WHAT YOU ARE ASKED TO DO
In the data below, which lines hold "Multi"? Copy every one.

(Short descriptive text snippets)

►

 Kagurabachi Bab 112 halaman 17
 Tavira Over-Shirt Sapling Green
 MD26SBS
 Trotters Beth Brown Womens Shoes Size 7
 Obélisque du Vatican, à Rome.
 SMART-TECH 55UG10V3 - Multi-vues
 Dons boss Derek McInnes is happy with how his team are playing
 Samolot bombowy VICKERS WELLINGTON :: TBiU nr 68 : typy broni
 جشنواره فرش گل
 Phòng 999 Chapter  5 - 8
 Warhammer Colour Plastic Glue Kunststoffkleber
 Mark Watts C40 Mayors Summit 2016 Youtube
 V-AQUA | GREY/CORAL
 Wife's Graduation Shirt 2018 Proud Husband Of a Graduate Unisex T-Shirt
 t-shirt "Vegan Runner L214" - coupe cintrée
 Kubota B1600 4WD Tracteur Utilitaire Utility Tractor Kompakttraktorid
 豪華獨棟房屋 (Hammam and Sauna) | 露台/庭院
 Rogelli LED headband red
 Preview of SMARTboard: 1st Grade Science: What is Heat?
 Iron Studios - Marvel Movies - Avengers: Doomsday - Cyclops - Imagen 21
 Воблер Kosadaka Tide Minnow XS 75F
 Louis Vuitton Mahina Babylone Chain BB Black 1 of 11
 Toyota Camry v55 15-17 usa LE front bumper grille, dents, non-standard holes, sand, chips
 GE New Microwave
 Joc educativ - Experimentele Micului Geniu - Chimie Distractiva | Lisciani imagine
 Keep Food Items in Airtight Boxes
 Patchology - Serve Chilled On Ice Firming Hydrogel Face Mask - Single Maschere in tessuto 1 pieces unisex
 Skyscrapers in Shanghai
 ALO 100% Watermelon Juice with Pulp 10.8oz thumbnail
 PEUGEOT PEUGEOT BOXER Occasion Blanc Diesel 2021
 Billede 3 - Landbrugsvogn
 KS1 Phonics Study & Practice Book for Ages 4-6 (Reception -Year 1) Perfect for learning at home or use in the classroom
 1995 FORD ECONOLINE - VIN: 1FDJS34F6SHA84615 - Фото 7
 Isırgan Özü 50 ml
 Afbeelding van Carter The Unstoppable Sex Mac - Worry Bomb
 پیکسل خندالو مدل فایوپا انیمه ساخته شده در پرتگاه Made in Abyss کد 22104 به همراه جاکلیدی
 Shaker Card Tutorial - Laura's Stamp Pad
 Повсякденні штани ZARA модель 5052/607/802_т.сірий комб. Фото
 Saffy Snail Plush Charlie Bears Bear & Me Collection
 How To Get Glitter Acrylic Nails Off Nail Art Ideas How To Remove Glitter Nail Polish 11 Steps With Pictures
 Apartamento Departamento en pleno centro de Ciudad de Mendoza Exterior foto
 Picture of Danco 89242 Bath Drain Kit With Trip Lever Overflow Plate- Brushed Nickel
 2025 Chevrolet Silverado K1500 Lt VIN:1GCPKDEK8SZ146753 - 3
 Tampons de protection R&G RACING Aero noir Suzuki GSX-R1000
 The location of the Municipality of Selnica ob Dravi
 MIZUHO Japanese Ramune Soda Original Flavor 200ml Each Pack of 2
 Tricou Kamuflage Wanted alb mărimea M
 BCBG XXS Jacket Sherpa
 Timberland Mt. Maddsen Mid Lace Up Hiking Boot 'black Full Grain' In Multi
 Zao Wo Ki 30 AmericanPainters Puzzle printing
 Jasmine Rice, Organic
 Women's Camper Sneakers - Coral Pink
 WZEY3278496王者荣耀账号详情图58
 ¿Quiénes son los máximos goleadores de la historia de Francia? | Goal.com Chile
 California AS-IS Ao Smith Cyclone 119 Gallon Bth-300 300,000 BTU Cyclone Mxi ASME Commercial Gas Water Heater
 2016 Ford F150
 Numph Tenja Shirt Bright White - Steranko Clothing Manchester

◄

RESPONSE
 SMART-TECH 55UG10V3 - Multi-vues
 Timberland Mt. Maddsen Mid Lace Up Hiking Boot 'black Full Grain' In Multi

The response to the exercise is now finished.